Prozess zu Zivildiener-Affäre im AKH begonnen

Im Prozess zur Zivildiener-Affäre im Wiener AKH fühlen sich die angeklagten AKH-Beamten „nicht schuldig“. Der langjährige Personalchef, der Pflegedirektor uns seine Vorgängerin gaben am Mittwoch beim Verhandlungsauftakt im Straflandesgericht an, sie hätten nichts damit zu tun gehabt, dass die Söhne zweier Geschäftsführer einer Reinigungsfirma ihren Zivildienst nur am Papier im AKH leisten mussten.

Sie konnten weiterhin ungestört ihren beruflichen Tätigkeiten nachgehen, weil zwei Oberpfleger für sie getürkte Dienstpläne führten.

Außenstehende könnten zumindest den Eindruck gewinnen, dass diese Affäre womöglich auch mit dem jüngsten AKH-Skandal in Verbindung steht: Ein 50 Millionen Euro schwerer Auftrag über Reinigungsarbeiten in der „Bettenburg“ war an den Personaldienstleister AGO gegangen, obwohl ein anderes Unternehmen ein deutlich günstigeres Angebot gelegt hatte. Dieser Vorgang wird noch von der Zentralen Staatsanwaltschaft zur Bekämpfung von Wirtschaftsstrafsachen und Kriminalität (WKStA) untersucht, wie WKStA-Sprecher Martin Ulrich am Mittwoch auf APA-Anfrage erklärte.

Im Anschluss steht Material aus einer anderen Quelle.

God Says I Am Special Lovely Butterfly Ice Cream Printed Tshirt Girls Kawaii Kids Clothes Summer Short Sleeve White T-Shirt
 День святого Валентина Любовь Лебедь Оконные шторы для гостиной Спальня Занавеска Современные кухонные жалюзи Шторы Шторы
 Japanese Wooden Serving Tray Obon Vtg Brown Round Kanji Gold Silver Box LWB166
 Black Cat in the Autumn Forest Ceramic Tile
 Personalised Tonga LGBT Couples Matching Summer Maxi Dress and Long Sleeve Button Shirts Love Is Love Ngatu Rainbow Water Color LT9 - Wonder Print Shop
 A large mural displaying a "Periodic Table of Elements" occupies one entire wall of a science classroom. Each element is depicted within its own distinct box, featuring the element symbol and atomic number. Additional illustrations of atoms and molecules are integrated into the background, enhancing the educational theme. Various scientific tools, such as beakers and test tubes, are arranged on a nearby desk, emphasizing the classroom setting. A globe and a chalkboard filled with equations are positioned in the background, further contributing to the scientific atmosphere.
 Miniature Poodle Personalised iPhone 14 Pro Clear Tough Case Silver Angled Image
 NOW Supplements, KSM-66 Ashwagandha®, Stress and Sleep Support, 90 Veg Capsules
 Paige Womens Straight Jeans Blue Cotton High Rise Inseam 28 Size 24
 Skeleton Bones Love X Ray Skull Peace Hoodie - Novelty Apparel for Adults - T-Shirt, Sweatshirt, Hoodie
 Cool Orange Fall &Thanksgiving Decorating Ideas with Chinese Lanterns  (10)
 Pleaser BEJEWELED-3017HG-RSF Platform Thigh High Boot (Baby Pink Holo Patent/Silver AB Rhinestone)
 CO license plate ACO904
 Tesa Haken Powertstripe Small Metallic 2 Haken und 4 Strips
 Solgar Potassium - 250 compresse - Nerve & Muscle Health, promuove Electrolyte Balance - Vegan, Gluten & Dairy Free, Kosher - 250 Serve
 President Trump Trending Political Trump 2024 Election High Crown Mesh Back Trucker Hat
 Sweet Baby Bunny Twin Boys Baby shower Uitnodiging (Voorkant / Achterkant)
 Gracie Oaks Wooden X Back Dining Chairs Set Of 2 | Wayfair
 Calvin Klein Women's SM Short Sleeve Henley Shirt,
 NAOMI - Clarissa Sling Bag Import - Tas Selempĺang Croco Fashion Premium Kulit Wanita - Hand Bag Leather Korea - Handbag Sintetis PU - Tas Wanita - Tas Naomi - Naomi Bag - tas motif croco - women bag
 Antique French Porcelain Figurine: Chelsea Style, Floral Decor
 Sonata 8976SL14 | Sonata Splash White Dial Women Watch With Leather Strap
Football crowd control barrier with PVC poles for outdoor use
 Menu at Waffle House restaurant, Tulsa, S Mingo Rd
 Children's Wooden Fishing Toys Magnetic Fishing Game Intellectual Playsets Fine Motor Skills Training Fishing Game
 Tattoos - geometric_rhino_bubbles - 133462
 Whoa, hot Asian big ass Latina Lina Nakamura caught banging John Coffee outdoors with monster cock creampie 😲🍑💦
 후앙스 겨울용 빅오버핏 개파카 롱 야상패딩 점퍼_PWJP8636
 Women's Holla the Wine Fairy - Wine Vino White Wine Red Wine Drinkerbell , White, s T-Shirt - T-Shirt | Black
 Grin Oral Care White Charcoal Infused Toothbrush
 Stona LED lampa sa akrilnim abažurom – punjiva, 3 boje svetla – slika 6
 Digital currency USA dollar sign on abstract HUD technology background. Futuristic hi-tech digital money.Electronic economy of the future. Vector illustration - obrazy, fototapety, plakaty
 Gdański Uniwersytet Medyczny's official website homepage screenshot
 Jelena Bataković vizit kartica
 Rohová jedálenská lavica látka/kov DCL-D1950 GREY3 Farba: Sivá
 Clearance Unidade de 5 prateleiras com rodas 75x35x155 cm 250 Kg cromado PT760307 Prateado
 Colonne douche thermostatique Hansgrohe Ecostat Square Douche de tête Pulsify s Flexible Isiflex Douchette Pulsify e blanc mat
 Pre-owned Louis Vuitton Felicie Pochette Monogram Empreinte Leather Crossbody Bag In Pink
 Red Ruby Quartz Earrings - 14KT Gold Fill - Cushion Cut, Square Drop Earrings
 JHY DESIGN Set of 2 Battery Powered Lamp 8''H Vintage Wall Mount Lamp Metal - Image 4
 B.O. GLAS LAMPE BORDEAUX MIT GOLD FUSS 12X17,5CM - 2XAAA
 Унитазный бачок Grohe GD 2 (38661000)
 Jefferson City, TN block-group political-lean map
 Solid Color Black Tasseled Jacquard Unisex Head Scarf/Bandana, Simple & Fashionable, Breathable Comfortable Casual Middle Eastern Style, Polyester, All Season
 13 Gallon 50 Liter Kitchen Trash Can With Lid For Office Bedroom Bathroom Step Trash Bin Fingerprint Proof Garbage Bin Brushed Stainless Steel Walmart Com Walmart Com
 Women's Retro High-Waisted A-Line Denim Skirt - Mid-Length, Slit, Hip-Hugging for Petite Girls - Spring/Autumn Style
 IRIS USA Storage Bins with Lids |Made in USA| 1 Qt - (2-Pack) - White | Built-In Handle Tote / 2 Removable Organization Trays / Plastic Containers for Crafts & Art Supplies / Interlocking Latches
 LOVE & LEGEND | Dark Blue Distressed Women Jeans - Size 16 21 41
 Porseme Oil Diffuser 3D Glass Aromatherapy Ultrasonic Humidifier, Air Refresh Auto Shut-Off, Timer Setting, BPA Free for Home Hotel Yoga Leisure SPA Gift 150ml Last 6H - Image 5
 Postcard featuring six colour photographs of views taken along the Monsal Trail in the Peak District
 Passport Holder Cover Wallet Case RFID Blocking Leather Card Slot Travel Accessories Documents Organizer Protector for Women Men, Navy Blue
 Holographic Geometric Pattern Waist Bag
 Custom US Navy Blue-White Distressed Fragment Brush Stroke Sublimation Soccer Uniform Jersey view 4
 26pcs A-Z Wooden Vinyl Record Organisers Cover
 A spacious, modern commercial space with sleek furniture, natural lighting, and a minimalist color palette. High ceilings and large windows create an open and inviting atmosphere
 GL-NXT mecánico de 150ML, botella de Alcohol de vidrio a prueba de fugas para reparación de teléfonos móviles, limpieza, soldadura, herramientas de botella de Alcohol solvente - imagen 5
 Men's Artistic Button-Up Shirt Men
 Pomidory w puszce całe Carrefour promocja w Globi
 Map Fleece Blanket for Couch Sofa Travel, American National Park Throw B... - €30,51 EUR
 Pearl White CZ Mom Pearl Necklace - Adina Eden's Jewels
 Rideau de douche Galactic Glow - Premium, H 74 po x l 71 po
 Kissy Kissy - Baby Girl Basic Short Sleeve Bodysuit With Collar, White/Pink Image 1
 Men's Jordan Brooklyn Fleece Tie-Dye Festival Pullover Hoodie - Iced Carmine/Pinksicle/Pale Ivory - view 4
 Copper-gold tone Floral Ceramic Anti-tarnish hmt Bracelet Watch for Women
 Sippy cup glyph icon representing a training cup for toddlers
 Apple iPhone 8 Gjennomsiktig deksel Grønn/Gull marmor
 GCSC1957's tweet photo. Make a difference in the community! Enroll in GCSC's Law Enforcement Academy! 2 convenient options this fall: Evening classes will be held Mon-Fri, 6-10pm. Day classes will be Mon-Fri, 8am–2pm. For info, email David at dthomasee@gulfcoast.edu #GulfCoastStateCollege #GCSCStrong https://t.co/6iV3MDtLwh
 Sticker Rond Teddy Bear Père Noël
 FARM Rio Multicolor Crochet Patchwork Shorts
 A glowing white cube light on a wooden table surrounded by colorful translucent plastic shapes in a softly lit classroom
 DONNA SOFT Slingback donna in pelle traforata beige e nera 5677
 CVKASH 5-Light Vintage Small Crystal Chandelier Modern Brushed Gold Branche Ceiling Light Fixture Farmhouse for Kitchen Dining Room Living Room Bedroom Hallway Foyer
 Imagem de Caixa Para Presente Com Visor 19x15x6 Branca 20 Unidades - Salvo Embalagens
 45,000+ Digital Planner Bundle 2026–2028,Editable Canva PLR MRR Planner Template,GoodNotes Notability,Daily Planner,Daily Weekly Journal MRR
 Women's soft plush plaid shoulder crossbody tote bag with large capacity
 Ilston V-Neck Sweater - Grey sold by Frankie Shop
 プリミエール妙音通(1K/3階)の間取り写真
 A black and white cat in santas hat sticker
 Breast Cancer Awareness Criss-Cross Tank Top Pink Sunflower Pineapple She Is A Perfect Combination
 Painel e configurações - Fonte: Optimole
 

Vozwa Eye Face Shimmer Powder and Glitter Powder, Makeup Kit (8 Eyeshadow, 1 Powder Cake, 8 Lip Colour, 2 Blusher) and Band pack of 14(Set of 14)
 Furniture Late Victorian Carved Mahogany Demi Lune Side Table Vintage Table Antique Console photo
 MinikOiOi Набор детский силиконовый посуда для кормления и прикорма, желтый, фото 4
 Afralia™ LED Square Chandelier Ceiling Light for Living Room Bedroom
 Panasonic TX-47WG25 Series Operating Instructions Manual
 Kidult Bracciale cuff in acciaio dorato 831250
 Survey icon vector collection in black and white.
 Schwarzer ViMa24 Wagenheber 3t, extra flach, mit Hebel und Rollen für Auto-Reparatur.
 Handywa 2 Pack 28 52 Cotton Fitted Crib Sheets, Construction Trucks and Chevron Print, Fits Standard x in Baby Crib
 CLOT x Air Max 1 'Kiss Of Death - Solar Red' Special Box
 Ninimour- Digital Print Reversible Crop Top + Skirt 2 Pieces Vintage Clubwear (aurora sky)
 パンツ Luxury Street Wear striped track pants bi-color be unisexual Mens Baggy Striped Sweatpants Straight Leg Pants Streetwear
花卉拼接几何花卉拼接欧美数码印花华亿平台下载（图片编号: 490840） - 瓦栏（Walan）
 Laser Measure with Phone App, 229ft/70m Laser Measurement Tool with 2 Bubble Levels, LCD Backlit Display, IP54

Im Fall der drei Zivildiener ist die Anklagebehörde demgegenüber überzeugt, den drei angeklagten führenden AKH-Beamten, einer ebenfalls in der Pflegedirektion tätigen Frau, den beiden Oberpflegern sowie einem AGO-Geschäftsführer Amtsmissbrauch bzw. Beteiligung am Amtsmissbrauch nachweisen zu können. Wie Staatsanwalt Roman Reich ausführte, sollen der AGO-Geschäftsführer, der AKH-Personalchef und die damalige Pflegedirektorin im November 2007 bei einer Besprechung die besonders schonende Form des Zivildiensts festgelegt haben, von dem in weiterer Folge die drei Söhne der AGO-Chefs profitierten: Die jungen Männer mussten laut Anklage nur am ersten und letzten Tag ihres Zivildiensts sowie zu Schulungen und Seminaren im Spital erscheinen. Ihre Zivildiener-Tätigkeiten soll eine von der AGO finanzierte Pflegehilfskraft übernommen haben.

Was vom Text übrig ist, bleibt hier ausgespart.